Table of contents

What is the Proper Way to Close and Cleanup Nokogiri Documents?

Proper memory management is crucial when working with Nokogiri documents, especially in production applications that process large volumes of HTML or XML data. Unlike some programming languages that require explicit resource cleanup, Ruby's garbage collector handles most memory management automatically. However, Nokogiri documents can hold significant memory, and understanding proper cleanup techniques ensures optimal performance and prevents memory leaks.

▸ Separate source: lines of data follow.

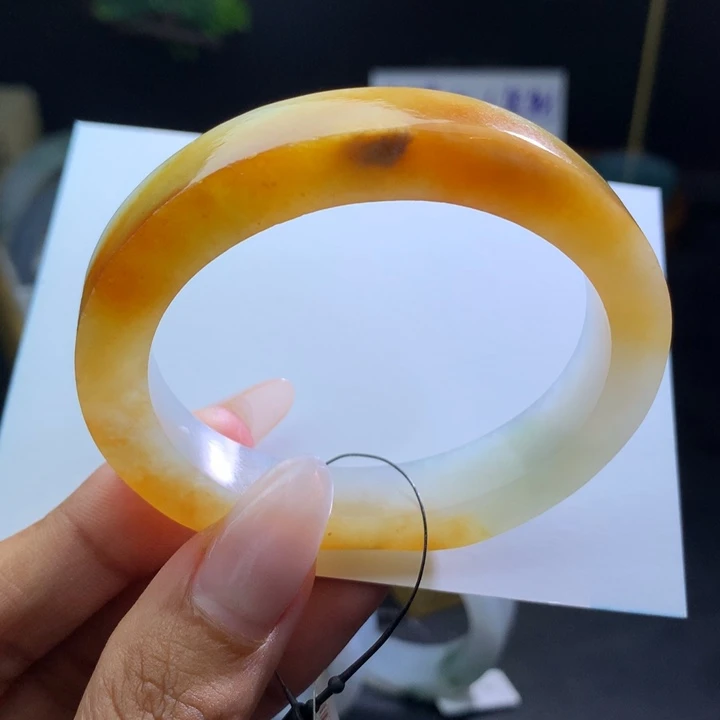 定制翡翠未镶嵌翡翠手镯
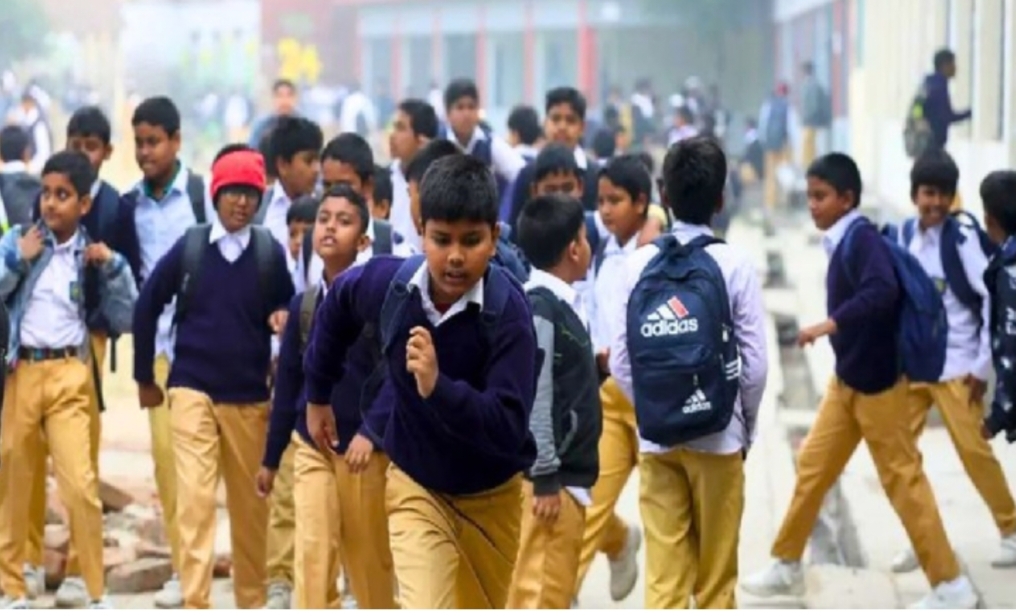 প্রতিবছর ‘ভর্তির’ ফাঁদে পিষ্ট অভিভাবক: বেসরকারি শিক্ষাপ্রতিষ্ঠানে ফি-র নৈরাজ্য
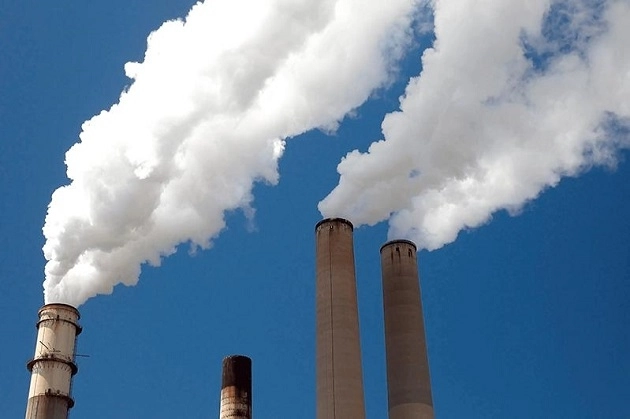 В Азербайджане наказали руководство завода, загрязняющего воздух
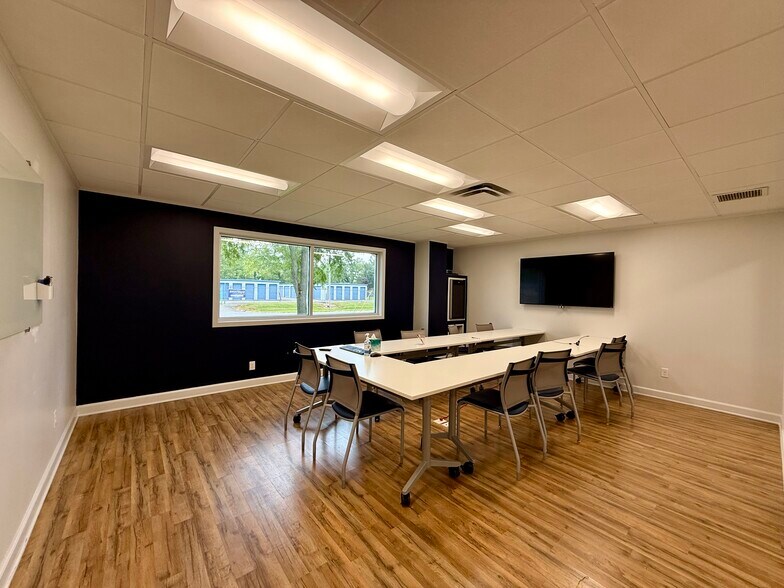 More Photos Of 965 Repp Dr, Columbus Warehouse For Lease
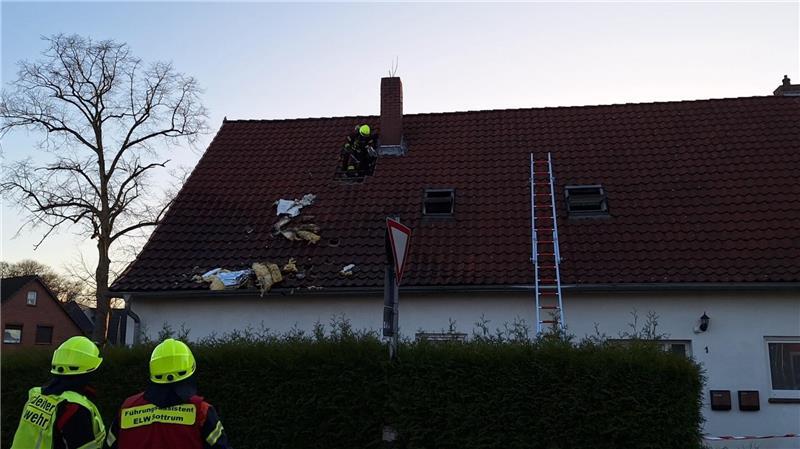 Am Dach des Hauses musste Dämmmaterial entfernt werden.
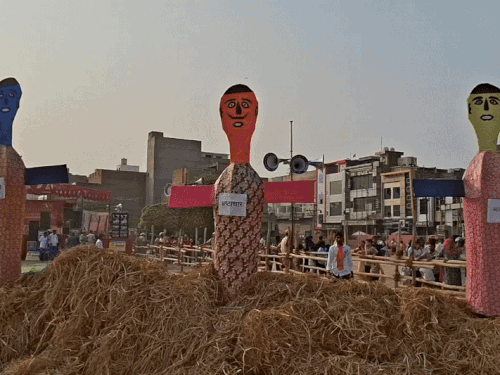 कार्यक्रम में नशा मुक्ति, भ्रष्टाचार छोड़ने का संदेश दिया गया।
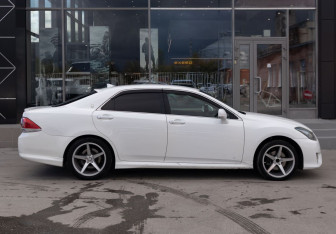 Подержанный автомобиль Toyota Crown Sedan 2010 года (4 фото)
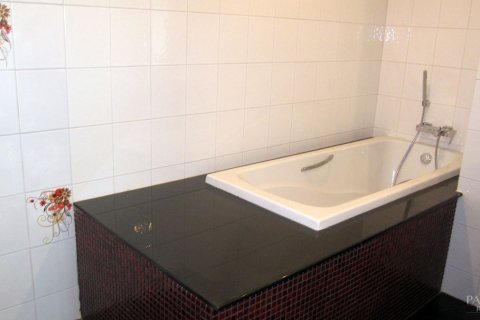 Casa de 5 dormitorios en Pattaya, Tailandia № 22946 - foto 7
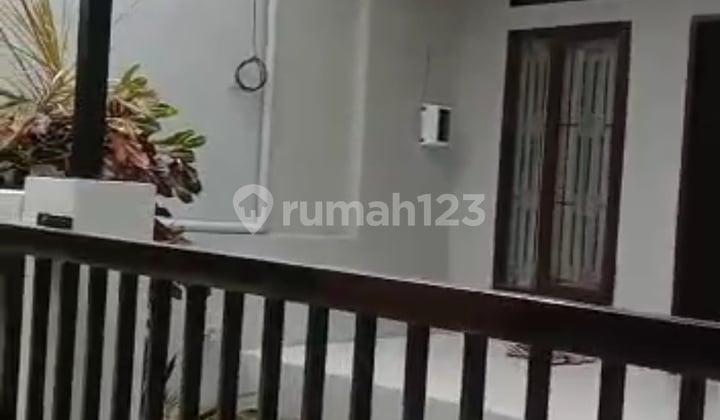 Translated to English: For Sale: 1-Story House, Ready to Move In, Good Condition, Negotiable, Strategic Location Near Main Road, Close to Many Facilities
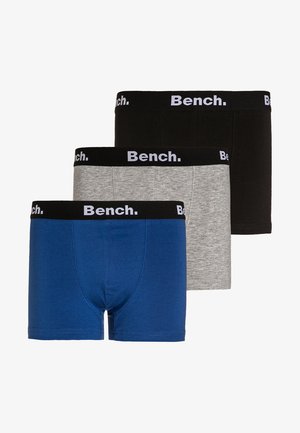 Trei perechi de boxeri pentru bărbați: una albastră, una gri, una neagră. Fiecare are un elastic negru cu logo-ul "Bench." în alb.
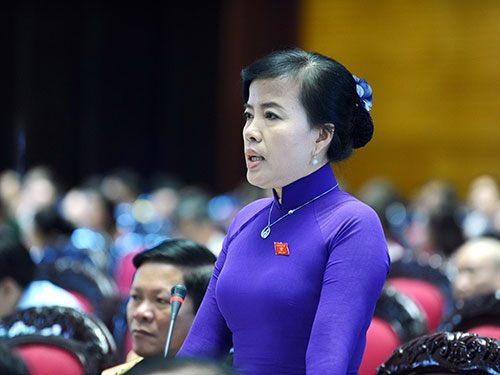 Đại biểu Nguyễn Thị Kim Thúy (Đà Nẵng) yêu cầu làm rõ về tài sản của Phó Tổng Thanh tra Chính phủ  Ảnh: LONG THẮNG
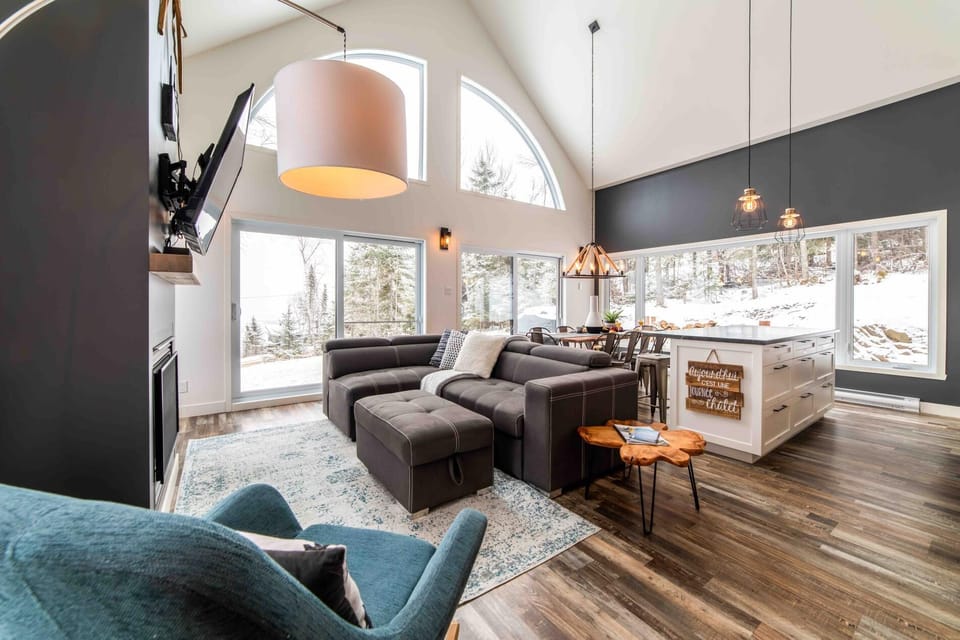 Gather your friends and make the most of this space.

Understanding Nokogiri Memory Management

Nokogiri is a Ruby wrapper around the C libraries libxml2 and libxslt. This means that Nokogiri objects contain references to C memory structures that exist outside of Ruby's normal garbage collection scope. While Ruby's garbage collector will eventually clean up these resources, being proactive about cleanup can significantly improve your application's memory efficiency.

Automatic Cleanup vs Manual Cleanup

By default, Nokogiri documents are automatically cleaned up when they go out of scope and Ruby's garbage collector runs:

def parse_document
  doc = Nokogiri::HTML(html_content)
  # Process the document
  extracted_data = doc.css('div.content').text
  return extracted_data
  # doc goes out of scope here and will be garbage collected
end

However, for better control over memory usage, especially when processing large documents or multiple documents in succession, manual cleanup is recommended.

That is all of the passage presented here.